Health Checks & Observability¶

Running Cello in Kubernetes means the kubelet, load balancers, and monitoring systems all need reliable signals about your application's state. This example wires up /health (liveness) and /ready (readiness) endpoints that check every critical dependency — database, Redis, and background queues — and exposes Prometheus metrics on /metrics together with OpenTelemetry distributed traces and structured JSON logging so you have full observability out of the box.

Complete Example¶

"""
enterprise/health-checks.py

Production-ready health endpoints for Kubernetes, Prometheus metrics,
OpenTelemetry traces, and structured JSON logging.

Requirements:
    pip install cello redis asyncpg prometheus-client \
                opentelemetry-sdk opentelemetry-exporter-otlp-proto-grpc \
                python-json-logger
"""
from __future__ import annotations

import asyncio
import json
import logging
import os
import time
from dataclasses import dataclass, field
from typing import Any

import asyncpg
import redis.asyncio as aioredis
from prometheus_client import (
    CONTENT_TYPE_LATEST,
    Counter,
    Gauge,
    Histogram,
    generate_latest,
)
from pythonjsonlogger import jsonlogger
from opentelemetry import trace
from opentelemetry.exporter.otlp.proto.grpc.trace_exporter import OTLPSpanExporter
from opentelemetry.sdk.resources import SERVICE_NAME, Resource
from opentelemetry.sdk.trace import TracerProvider
from opentelemetry.sdk.trace.export import BatchSpanProcessor

import cello
from cello import Request, Response

# ---------------------------------------------------------------------------
# Structured JSON logging
# ---------------------------------------------------------------------------
def _configure_logging() -> logging.Logger:
    handler = logging.StreamHandler()
    formatter = jsonlogger.JsonFormatter(
        fmt="%(asctime)s %(levelname)s %(name)s %(message)s",
        datefmt="%Y-%m-%dT%H:%M:%S",
    )
    handler.setFormatter(formatter)
    root = logging.getLogger()
    root.addHandler(handler)
    root.setLevel(logging.INFO)
    return logging.getLogger("health_checks")
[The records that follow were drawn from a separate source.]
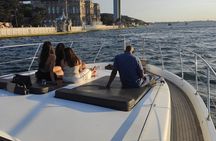 Bosphorus Sunset Yacht Tour with Guide and Snacks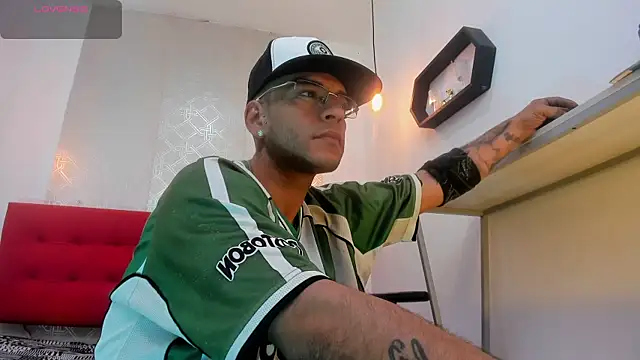 Andrey u92 online show from November 13, 7:29 pm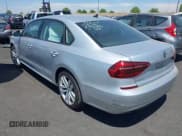 ✅ 2019 Volkswagen Passat Wolfsburg Edition • VIN: 1VWLA7A37KC012334 • Lot: 42923649. Wystawiony na IAAI z przebiegiem 36 742 mil. Bezpłatny archiwum sprzedaży aukcyjnych z USA i szczegółowy raport historii pojazdu na DreamBid. Zdjęcie 3.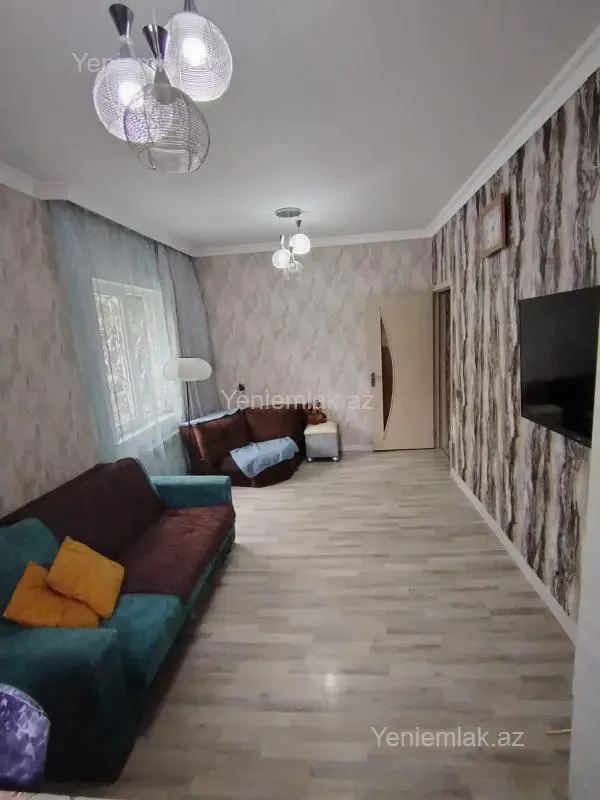 Satılır 2 otaqlı köhnə tikili 34 m²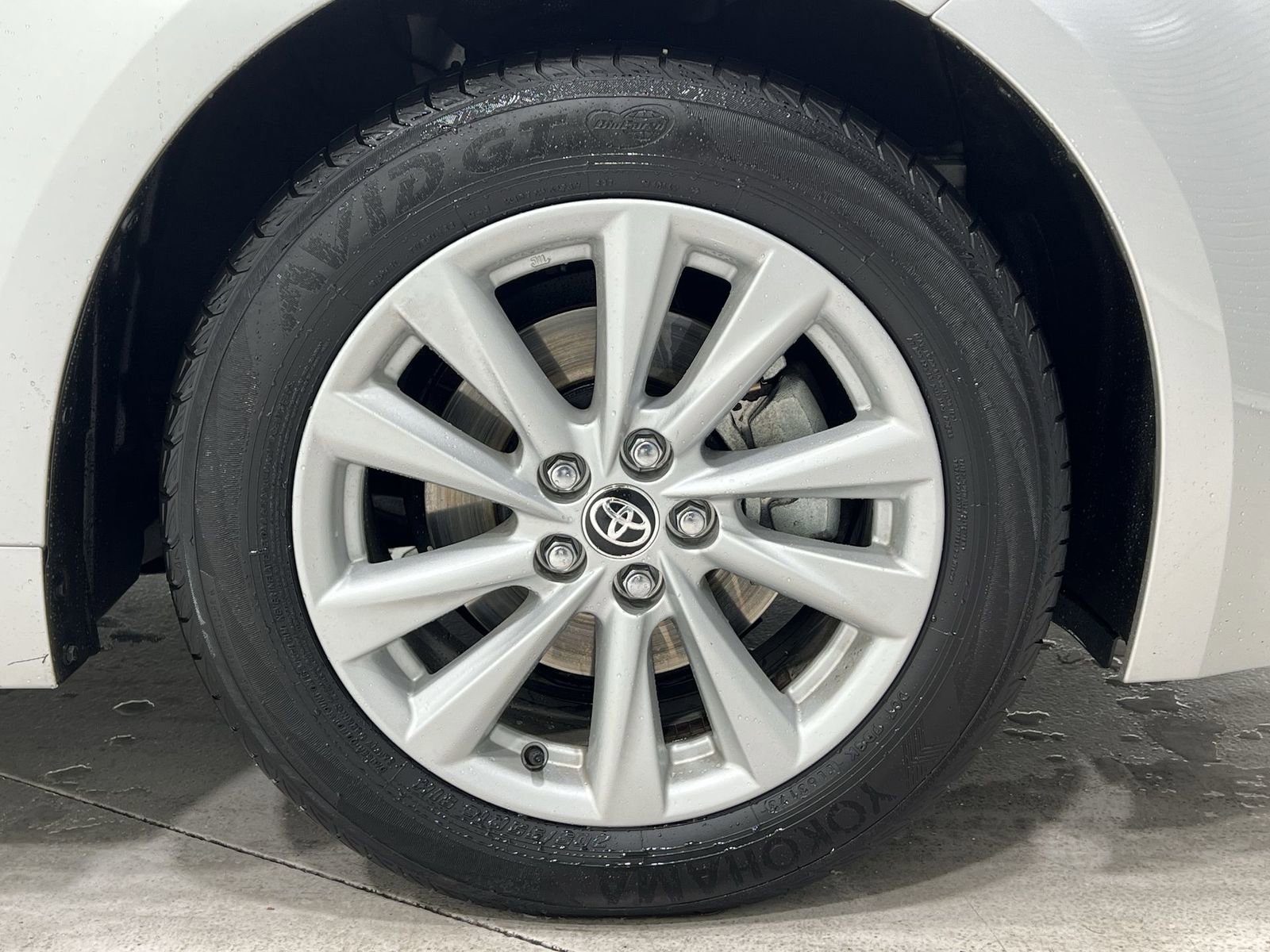 Used 2024 Toyota Corolla SE image 10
log = _configure_logging()

# ---------------------------------------------------------------------------
# OpenTelemetry tracing
# ---------------------------------------------------------------------------
def _configure_tracing(service_name: str = "cello-demo") -> trace.Tracer:
    resource = Resource(attributes={SERVICE_NAME: service_name})
    provider = TracerProvider(resource=resource)
    otlp_endpoint = os.getenv("OTEL_EXPORTER_OTLP_ENDPOINT", "http://localhost:4317")
    exporter = OTLPSpanExporter(endpoint=otlp_endpoint, insecure=True)
    provider.add_span_processor(BatchSpanProcessor(exporter))
    trace.set_tracer_provider(provider)
    log.info("OpenTelemetry tracing configured", extra={"endpoint": otlp_endpoint})
    return trace.get_tracer(service_name)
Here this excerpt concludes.